L’horreur du fait se renforçait de la trivialité du rustre qui l’annonçait. Suzanne, certes, n’avait pas fauté une seconde fois ; tous l’affirmaient. Elle était donc aussi la proie du Sarvant !… (Et ce qui vint le corroborer, ce fut, dans la nuit du 17 au 18, la dévastation de Saint-Champ, non loin de Belley.)

Suzanne enlevée ! Ce dernier coup portait au comble la détresse des Monbardeau. Madame déraisonna pendant une semaine, puis s’éleva sans relâche contre la rigueur paternelle qui avait exilé la pécheresse repentante. Ce à quoi Monsieur ne savait que répondre, et baissait la tête en pleurant.

Le matin du 19, les gens d’Artemare apprirent que la nuit avait été funeste au village de Ruffieux, sis à quinze kilomètres outre-Rhône, sur la route de Seyssel à Aix-les-Bains. La nouvelle manquait de précision. On parlait vaguement de plusieurs personnes enlevées, — ce qui demandait confirmation.

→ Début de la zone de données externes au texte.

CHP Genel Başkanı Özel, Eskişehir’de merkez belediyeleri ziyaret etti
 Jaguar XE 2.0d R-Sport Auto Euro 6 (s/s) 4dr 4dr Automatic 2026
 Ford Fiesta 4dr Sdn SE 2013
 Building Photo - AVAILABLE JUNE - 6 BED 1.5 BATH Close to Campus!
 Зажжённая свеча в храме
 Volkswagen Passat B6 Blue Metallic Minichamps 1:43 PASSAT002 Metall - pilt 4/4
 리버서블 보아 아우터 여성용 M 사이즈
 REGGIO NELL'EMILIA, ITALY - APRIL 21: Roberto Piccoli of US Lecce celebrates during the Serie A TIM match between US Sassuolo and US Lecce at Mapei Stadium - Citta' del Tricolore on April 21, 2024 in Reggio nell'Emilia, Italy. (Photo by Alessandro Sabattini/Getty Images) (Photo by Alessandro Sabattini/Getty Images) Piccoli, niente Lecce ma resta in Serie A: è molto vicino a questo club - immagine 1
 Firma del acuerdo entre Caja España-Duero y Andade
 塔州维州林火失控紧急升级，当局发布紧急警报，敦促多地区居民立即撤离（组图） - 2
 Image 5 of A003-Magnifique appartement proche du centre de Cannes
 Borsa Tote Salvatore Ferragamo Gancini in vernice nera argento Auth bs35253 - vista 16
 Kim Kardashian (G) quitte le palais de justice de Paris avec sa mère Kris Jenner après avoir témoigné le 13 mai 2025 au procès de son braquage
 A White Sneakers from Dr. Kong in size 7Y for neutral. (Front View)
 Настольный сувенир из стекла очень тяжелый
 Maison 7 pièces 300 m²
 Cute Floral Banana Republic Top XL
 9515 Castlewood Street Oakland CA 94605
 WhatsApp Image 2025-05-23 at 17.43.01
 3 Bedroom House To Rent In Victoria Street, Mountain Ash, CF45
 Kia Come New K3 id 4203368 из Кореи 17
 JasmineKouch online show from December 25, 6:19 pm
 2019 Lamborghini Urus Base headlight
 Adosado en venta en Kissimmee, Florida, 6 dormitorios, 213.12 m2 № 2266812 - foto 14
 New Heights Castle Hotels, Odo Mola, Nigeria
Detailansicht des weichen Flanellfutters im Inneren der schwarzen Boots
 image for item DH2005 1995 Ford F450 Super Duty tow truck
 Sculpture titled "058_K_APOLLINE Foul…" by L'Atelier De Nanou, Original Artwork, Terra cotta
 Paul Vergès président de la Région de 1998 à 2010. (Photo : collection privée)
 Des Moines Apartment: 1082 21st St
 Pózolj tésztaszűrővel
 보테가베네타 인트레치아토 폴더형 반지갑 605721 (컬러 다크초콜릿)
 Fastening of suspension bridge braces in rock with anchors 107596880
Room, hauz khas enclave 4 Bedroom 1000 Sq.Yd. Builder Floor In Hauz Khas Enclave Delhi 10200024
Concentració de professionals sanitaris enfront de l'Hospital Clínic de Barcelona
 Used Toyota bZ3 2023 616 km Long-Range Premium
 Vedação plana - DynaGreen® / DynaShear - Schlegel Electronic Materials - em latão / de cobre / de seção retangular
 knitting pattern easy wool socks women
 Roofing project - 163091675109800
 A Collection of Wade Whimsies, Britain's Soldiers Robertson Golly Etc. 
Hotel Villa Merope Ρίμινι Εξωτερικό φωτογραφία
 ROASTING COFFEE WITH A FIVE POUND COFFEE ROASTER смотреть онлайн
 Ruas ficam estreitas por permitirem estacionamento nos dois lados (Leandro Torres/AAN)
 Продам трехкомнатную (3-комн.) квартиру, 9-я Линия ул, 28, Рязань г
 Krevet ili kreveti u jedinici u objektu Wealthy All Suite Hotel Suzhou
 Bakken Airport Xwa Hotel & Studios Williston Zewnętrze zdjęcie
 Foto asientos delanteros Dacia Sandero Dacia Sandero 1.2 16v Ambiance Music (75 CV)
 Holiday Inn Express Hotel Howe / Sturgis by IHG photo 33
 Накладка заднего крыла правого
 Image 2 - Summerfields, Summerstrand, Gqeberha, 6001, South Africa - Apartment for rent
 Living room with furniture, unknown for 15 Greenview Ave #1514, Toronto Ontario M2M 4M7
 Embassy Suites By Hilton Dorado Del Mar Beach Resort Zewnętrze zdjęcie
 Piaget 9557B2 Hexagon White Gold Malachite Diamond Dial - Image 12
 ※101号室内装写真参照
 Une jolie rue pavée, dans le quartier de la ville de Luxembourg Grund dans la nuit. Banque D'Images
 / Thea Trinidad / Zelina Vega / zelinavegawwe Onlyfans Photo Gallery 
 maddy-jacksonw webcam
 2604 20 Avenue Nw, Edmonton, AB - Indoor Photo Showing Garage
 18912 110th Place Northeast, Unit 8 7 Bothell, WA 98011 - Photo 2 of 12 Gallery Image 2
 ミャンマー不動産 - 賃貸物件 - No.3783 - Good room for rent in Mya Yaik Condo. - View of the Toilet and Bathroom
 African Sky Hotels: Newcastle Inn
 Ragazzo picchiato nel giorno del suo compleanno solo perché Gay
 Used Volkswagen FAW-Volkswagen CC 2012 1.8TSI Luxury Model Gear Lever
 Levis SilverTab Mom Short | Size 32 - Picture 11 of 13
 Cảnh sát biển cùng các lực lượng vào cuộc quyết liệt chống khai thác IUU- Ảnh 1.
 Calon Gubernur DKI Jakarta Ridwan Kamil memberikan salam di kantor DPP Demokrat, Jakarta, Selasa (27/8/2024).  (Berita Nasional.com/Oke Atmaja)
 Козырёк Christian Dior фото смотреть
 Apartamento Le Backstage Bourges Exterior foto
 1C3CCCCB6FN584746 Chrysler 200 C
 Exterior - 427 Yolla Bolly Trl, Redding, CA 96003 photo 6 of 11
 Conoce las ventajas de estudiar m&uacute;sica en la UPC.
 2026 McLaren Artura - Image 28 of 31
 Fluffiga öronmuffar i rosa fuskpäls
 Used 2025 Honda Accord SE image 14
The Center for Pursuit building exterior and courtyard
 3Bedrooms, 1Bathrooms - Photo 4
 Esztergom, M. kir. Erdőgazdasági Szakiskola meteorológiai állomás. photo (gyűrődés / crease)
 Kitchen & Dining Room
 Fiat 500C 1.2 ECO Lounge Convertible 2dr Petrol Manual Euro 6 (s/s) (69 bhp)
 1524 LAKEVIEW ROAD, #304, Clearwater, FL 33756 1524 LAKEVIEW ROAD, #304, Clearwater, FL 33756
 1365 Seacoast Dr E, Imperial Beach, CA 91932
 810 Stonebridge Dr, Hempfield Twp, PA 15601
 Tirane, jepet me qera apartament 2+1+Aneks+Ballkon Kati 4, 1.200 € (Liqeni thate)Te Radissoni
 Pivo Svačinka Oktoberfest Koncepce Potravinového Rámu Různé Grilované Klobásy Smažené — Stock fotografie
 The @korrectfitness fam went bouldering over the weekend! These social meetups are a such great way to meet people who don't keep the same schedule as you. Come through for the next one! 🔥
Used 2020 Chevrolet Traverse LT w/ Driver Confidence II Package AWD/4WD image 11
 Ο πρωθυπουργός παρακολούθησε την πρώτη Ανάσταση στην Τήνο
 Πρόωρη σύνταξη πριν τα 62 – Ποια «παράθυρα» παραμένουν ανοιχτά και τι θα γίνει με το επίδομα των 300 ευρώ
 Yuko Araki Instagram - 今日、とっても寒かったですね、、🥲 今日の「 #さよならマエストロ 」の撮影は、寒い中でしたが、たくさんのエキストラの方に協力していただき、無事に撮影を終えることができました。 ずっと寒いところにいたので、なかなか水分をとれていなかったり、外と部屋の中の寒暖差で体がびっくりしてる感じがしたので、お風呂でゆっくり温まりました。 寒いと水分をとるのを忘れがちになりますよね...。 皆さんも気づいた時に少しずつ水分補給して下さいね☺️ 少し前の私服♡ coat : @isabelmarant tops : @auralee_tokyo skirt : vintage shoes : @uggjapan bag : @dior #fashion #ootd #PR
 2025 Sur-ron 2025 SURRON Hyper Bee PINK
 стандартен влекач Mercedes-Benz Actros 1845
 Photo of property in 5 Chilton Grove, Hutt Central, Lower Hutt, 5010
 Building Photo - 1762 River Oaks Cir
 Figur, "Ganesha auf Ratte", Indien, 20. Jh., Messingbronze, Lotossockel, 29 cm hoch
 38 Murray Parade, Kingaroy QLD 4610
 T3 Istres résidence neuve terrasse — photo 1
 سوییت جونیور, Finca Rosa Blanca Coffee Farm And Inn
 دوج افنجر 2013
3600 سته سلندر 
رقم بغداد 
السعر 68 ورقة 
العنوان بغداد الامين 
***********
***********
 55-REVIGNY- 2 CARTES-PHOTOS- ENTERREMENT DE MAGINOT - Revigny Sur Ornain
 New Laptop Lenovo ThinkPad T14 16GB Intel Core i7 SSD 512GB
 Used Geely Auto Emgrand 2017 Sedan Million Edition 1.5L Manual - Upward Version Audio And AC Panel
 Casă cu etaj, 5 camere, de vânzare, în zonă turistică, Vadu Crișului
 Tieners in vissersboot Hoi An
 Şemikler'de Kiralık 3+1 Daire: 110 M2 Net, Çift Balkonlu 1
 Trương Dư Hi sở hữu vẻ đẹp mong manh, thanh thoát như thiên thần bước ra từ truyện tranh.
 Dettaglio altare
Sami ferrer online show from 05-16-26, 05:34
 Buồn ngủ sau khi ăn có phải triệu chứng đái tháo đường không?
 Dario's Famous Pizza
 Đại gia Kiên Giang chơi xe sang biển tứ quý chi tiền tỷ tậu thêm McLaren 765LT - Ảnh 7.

Mais, avant d’être fixés, les Artemarois connurent un événement plus sensationnel encore.

Un reporter-photographe de Turin était parti bien avant l’aurore pour le sommet du Colombier, afin de photographier le théâtre du rapt dans la splendeur d’un soleil levant. (Ce raffinement s’explique par le nombre incalculable de clichés que ses confrères avaient déjà pris du même lieu, dans des conditions différentes d’heure et de température.)

Or, de même que Marie-Thérèse et ses cousins n’étaient pas redescendus, le reporter-photographe ne redescendit pas.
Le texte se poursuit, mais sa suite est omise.